| Cougars (4-7) vs Huskies (4-7)|
AT A GLANCE
4:00 pm Pacific Time
Players to Know
Jake Locker, QB: Locker is only 225 pounds but plays quarterback like a linebacker. He is fleet of foot and doesn't shy away from contact. In nearly cost him his neck against OSU when a helmet to helmet hit put him in an ambulance. After sitting last week he'll start this weekend. Locker has rushed for over 800 yards and passed for nearly 1700 yards this season. His accuracy has been questionable however, completing just 48 percent of his throws -- with only one more touchdown than he has interceptions this year.
Louis Rankin, RB: Rankin has been shredding defenses lately, rushing for over 200 yards in two of the last three contests and becoming UW's first thousand yard rusher since Rashaan Shehee ten years ago. He's not a power rusher but is an excellent all-around back when he has space to work with and he points his feet downfield.
UW operates a run oriented spread option attack. They rank 26th in the nation in rushing with 196 yards per game. They also average 4.929 yards per carry which would be a school record if it stands for the remainder of the season. Locker is a run-first quarterback and is unlikely to hold back despite seeing his career flash before his eyes two weeks ago.
The UW offense lives and dies by running the football. Stop that and you stop them. The Huskies have run for over 300 yards in three of their four wins this year. If it is working in the least, they won't stop pounding the rock. The 3-4 is susceptible to the running game as the Cougars saw against Oregon State. If Locker and Rankin get rolling early, the Cougs may need to bite the bullet and switch back to 4-3 to get more help on the line of scrimmage. Above all, the Cougs have to get off the field on third down. WSU's defense has failed on an astronomical 52 percent of its third down attempts this year. Over-committing to the run is always dangerous, but UW's passing game has been inconsistent enough to justify taking some defensive risks.
THE HUSKIES ON DEFENSE
Players to Know
EJ Savannah, LB: Savannah was Ty Willingham's most heralded defensive recruit when he took over and he has blossomed into his best defender since then. Savannah leads the team with 92 tackles and is always around the football.
Grayson Gunheim, DE: Gunheim is UW's best pass rusher with 6.5 sacks and 11 tackles for a loss this season. He is one of 21 seniors playing his last game in Husky Stadium Saturday.
UW runs a base 4-3. The Huskies have the conference's worst run defense which should be welcome relief for WSU's lackluster running attack. UW's pass defense has improved to No. 8 in the Pac-10 over the last three games but is still capable of imploding at any moment. Any problems this group has experienced have seemed to snowball in the second half.
WSU would seemingly need to find ways to run the football successfully, especially in the red zone. The reason the Cougars rank second total offense in the Pac-10 , but are only ninth in scoring, is their lack or rushing attempts and their inability to force their will with the running game. Washington State needs to keep control of the football and maintain a balanced attack against the UW. They need to focus on keeping third down yardage manageable and minimize the number of times they're in a position where the Husky defense has a good idea what type of play is coming.

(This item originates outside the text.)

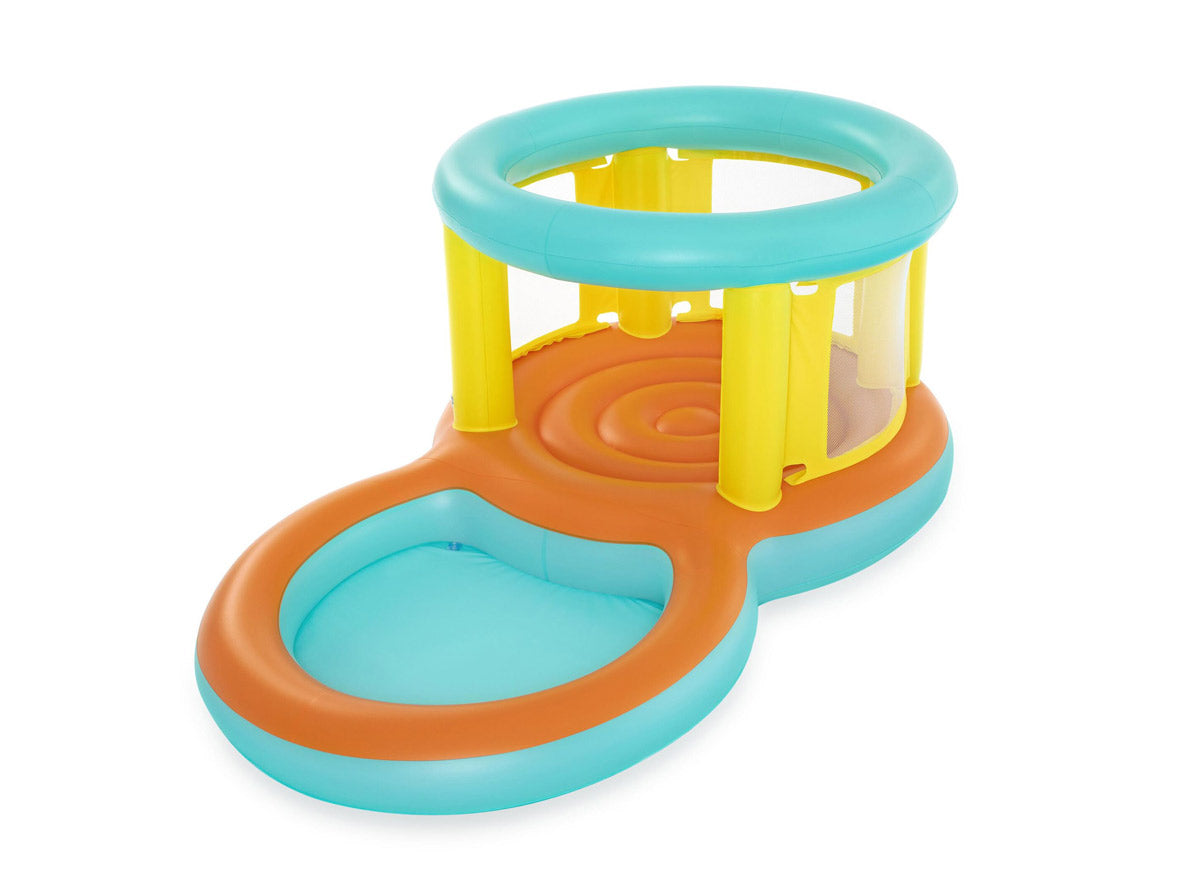 Bestway - 2.39m X 1.42m X 1.02m - Jumptopia Bouncer and Play Pool - Age 3-6 - Zayoom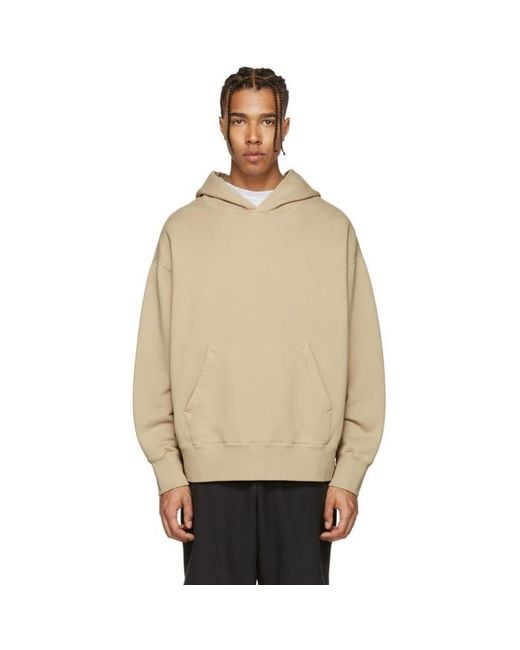 Yeezy Beige Boxy Hoodie in Natural for Men | Lyst Canada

THE HUSKIES ON SPECIAL TEAMS
For the first time this year, it is conceivable that WSU might have a slight edge in special teams. As bad as WSU's kickoff woes, UW has actually been worse -- by 1.5 yards on average. Both teams struggled with place kicking early in the season but have turned it around lately. Romeen Abdollmohammadi appears to have more range than UW's Ryan Perkins. Any boost in field position would be a welcome change of pace for a Cougar defense -- and for a WSU offense constantly needing to mount 80 drives and a defense that has been on a short field all year.
WSU needs to focus all of its frustration into being more physical in this game. Control the line of scrimmage and this game becomes very winnable. Both the offensive and defensive lines of WSU are senior laden and need to show their pride.
WSU played well for most of the game in 2006 but UW had all of the big plays and a failure to adjust cost WSU the game. The coaches need to be active in correcting any problems quickly, and they probably need to stick the trick plays and on-sides kicks in their back pockets given the lack of success experienced in that area this season. The WSU receivers are the ones with the true big play potential in this game, and Michael Bumpus, Charles Dillon and Brandon Gibson could have the final word on Saturday.